No pudo evitar reír. Su gesto, en cambio, era sardónico. Por la mejilla se resbalaba una lágrima, tan pesada como el resto de su cuerpo.

—No me importa si no quieres actuar, Ana —dijo, enjugó el agua que se escurría en sus ojos con las yemas de los dedos y caminó contorneando la cama para poder encararla—. No estoy aquí para pedirte una prueba de ADN, mucho menos ahora que estás así. —Volvió a ponerse las manos en el cinturón del pantalón, donde llevaba fajada la camisa blanca—. Lamento mucho haberte propuesto esa humillación, pero pensé que sería necesaria. Ya no, quiero decir.

Ella asintió y levantó la mirada, que antes había estado observando el piso blanco.

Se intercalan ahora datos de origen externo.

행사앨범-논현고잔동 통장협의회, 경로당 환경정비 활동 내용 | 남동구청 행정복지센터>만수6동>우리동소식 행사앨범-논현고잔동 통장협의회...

Ese espacio. Los segundos y el ambiente. Todo era distinto a lo que antes les rodeaba, de un color rosa imposible. Un absurdo color a donde no llegaba el dolor, a donde no entraba el escarnio y los miles de trucos del mundo entero.

—¿A qué viniste? —inquirió Ana, ahogando un sollozo.

Se la acumulaban las lágrimas y el tumulto de sentimientos encontrados crecía. Permaneció colecta, aun así. Esforzó un poco el estómago, hasta que tuvo que respirar profundo: en ningún minuto dejó de mirar a César, que también la veía con detenimiento.

—¿No es obvio? —respondió.

—Sabes que te amo, ¿verdad? —dijo, con más dolor del esperado. Ambos fueron capaces de vislumbrar el enorme abismo, el desierto que se introdujo en el medio de sus cuerpos allí, cuando ella había espetado tal frase.

—Sí, por supuesto —contestó el Marqués y miró a un lado.

No le gustaba ocultarse: con ella, en su presencia, era simplemente aquel hombre que se había enamorado de la mujer que jamás creyó indicada. Y sin la cual, por aquellos días, se sentía vacío.

—Entonces también sabes que no puedo perdonarte, no ahora, al menos.

Lo había visto venir. Sin embargo, la realidad siempre supera a la ficción. Como en una novela que no logras entender. Como un asunto internacional de política que te enoja, pero que, al fin de cuentas, no te pertenece: él pensaba que todo saldría así, como estaba ocurriendo. Sabía que ella era lo suficientemente valiente como para entender que él no era el centro de su universo.

Y si vivir sin ella, a su lado, era el precio que tenía que pagar por saberla segura de sí misma, estaba decidido a pagarlo. Se lo debía. A Ana le debía todo.